[Stored dataset items]
----

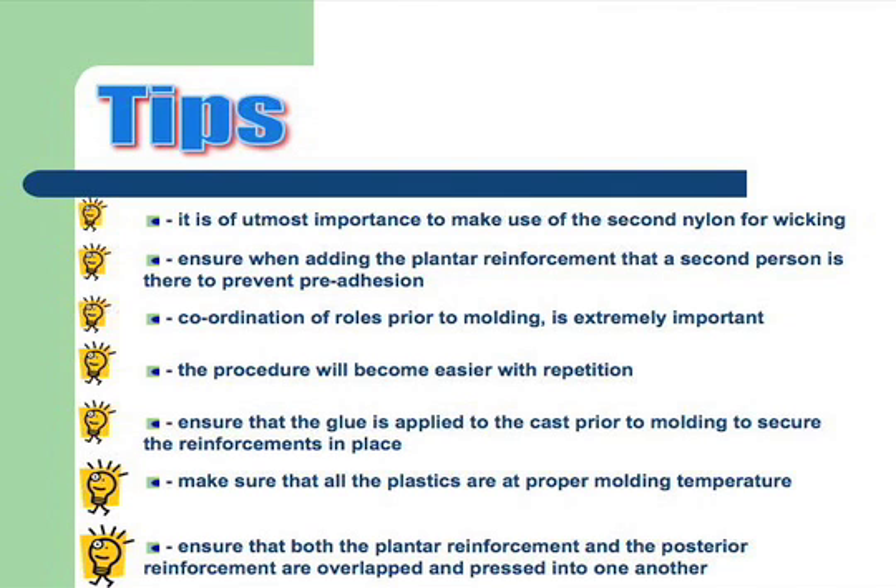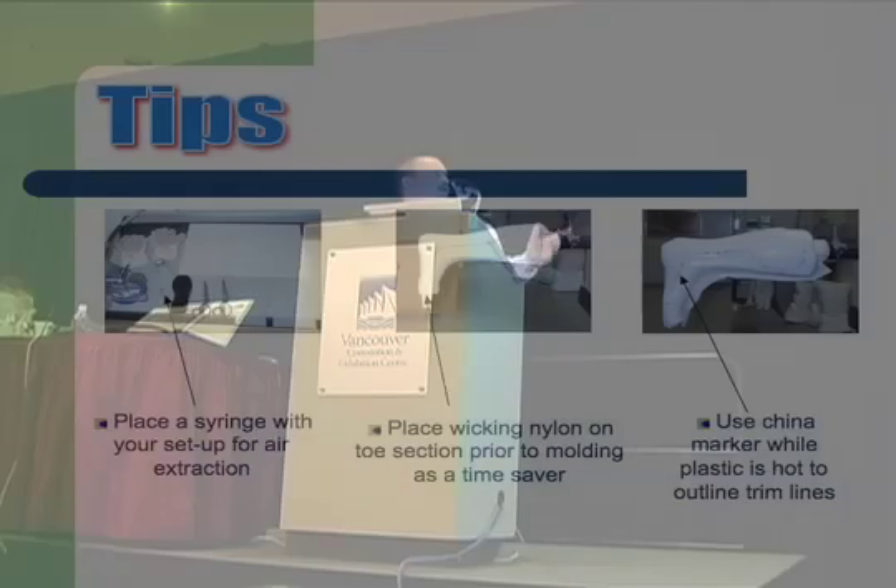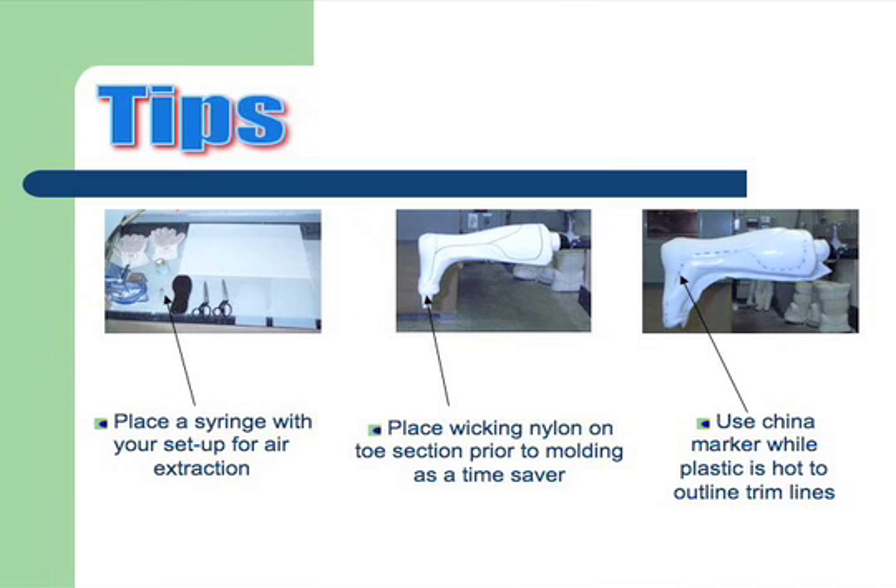Make sure that you overlap your posterior reinforcement and your planner reinforcement and press them very well together. Another tip: to the left of the two pairs of scissors, beside the black footprint, there's a syringe. We use that in case you have any air trapped between our coating main section and our planner reinforcement — push it into a large bubble, stick the syringe in, pull the air out, and your planner section is professional.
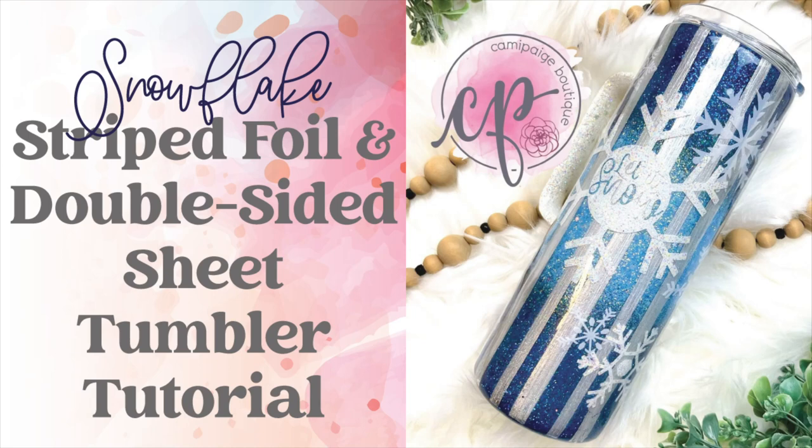Hello and welcome to another tutorial from Cammie Page Boutique. I'm Brooke Tannehill and today I'm going to show you how I made this snowflake striped foil and double-sided sheet tumbler. All the products I use will be listed in the description below and you may even find a coupon code or two that saves you some coin.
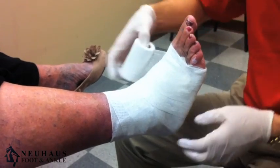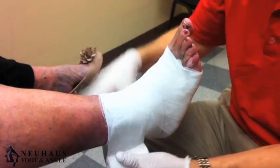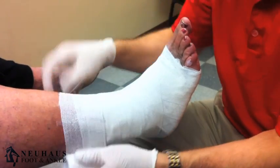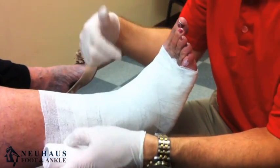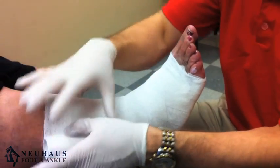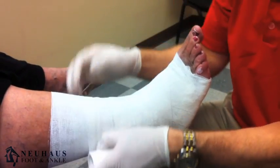Most people will wear this for anywhere from three to five days depending on the severity of the problem. In this case, because this wound is very large, it needs to be changed every two or three days.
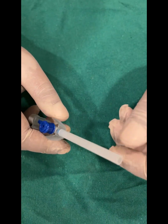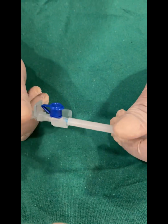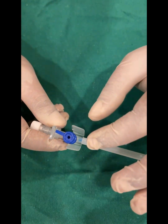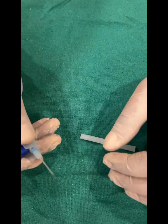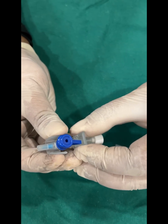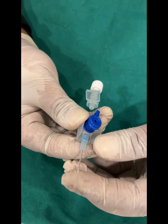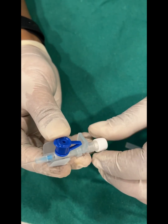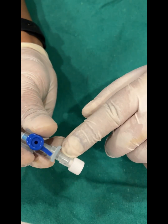Before we start, let's discuss the parts of a cannula. What we have here is a 22-gauge cannula. The color coding will tell you what gauge cannula it is — commonly we use this 22-gauge cannula. There's a cap over it; removing it reveals the needle, which is encapsulated in the catheter. Removing the needle shows the catheter itself. These are the wings, this is the cap, and this is the flashback chamber.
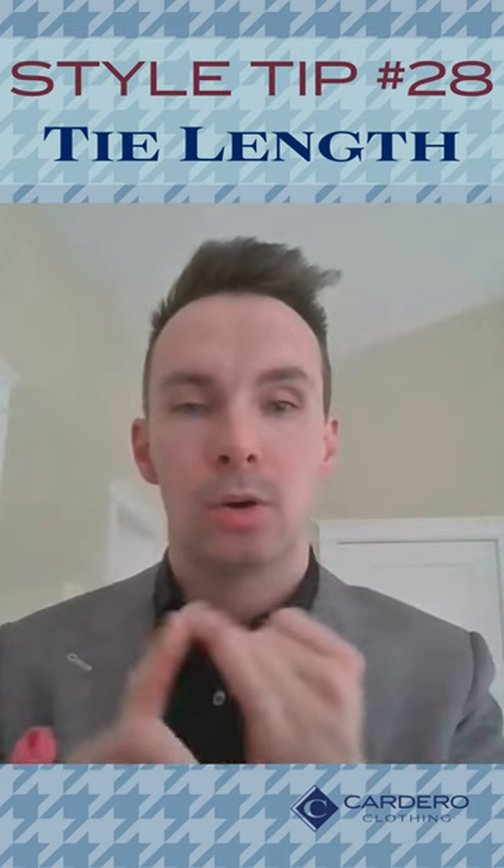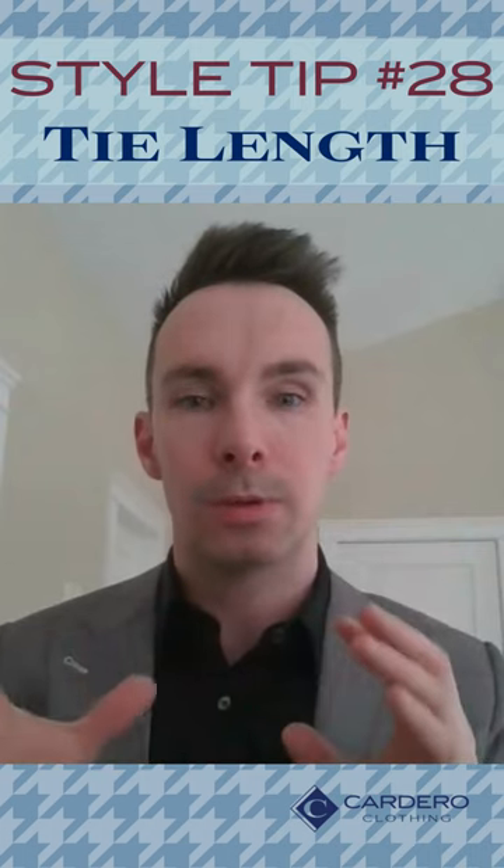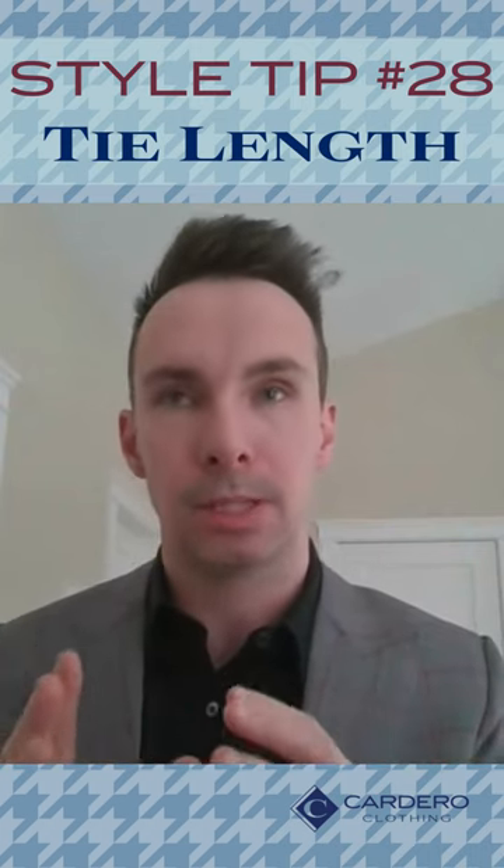Either you're making the tie knot too big, or maybe you're too tall or too short for the tie that you purchased. Here are a few numbers to write down if you're looking for a new tie.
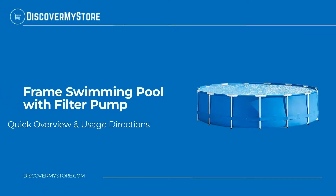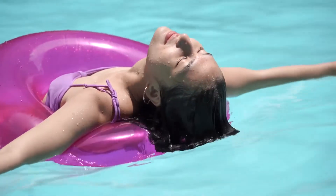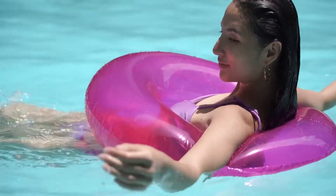Hi, in this video we will quickly overview the frame swimming pool with filter pump. Kids and adults of all ages can enjoy swimming and splashing in this above ground pool.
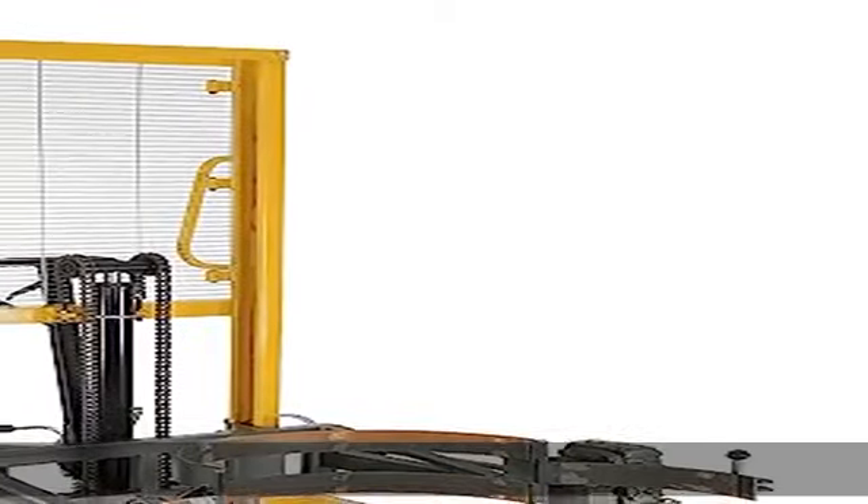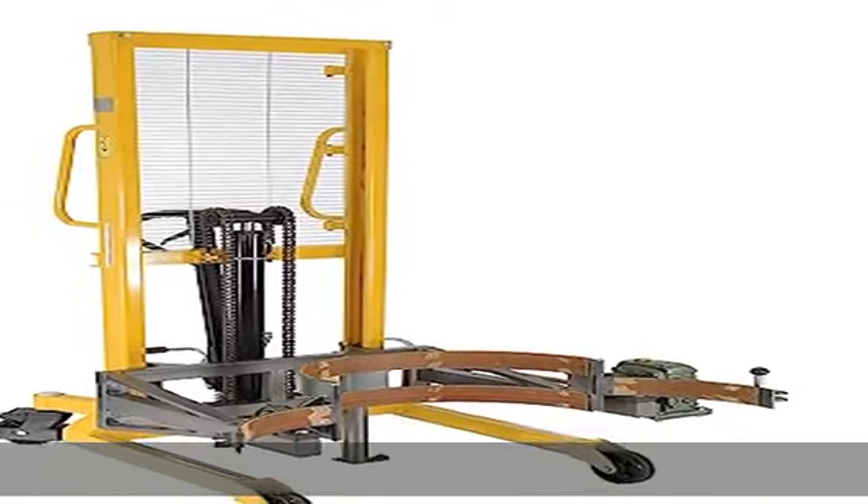Lifts, rotates, and transports drums easily. In the description to get this product today at the best price.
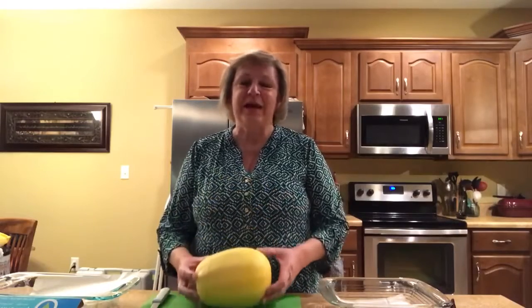Hi, this is Sarah Vaden with UT Extension and today we're going to talk about the spaghetti squash. As many of y'all know, we've been shut up and we keep making too many trips to the refrigerator. Well, spaghetti squash is going to help us out because it is low in carbs. One cup of spaghetti squash is actually 31 calories and 7 grams of carbs.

----

> Directions for this task:
For this answer, return word for word the lines from the first line of the records through the line containing "Either you're making". Omit the pictures.

> Result of the task:
Make sure that you overlap your posterior reinforcement and your planner reinforcement and press them very well together. Another tip: to the left of the two pairs of scissors, beside the black footprint, there's a syringe. We use that in case you have any air trapped between our coating main section and our planner reinforcement — push it into a large bubble, stick the syringe in, pull the air out, and your planner section is professional.
Hello and welcome to another tutorial from Cammie Page Boutique. I'm Brooke Tannehill and today I'm going to show you how I made this snowflake striped foil and double-sided sheet tumbler. All the products I use will be listed in the description below and you may even find a coupon code or two that saves you some coin.
Most people will wear this for anywhere from three to five days depending on the severity of the problem. In this case, because this wound is very large, it needs to be changed every two or three days.
Before we start, let's discuss the parts of a cannula. What we have here is a 22-gauge cannula. The color coding will tell you what gauge cannula it is — commonly we use this 22-gauge cannula. There's a cap over it; removing it reveals the needle, which is encapsulated in the catheter. Removing the needle shows the catheter itself. These are the wings, this is the cap, and this is the flashback chamber.
Either you're making the tie knot too big, or maybe you're too tall or too short for the tie that you purchased. Here are a few numbers to write down if you're looking for a new tie.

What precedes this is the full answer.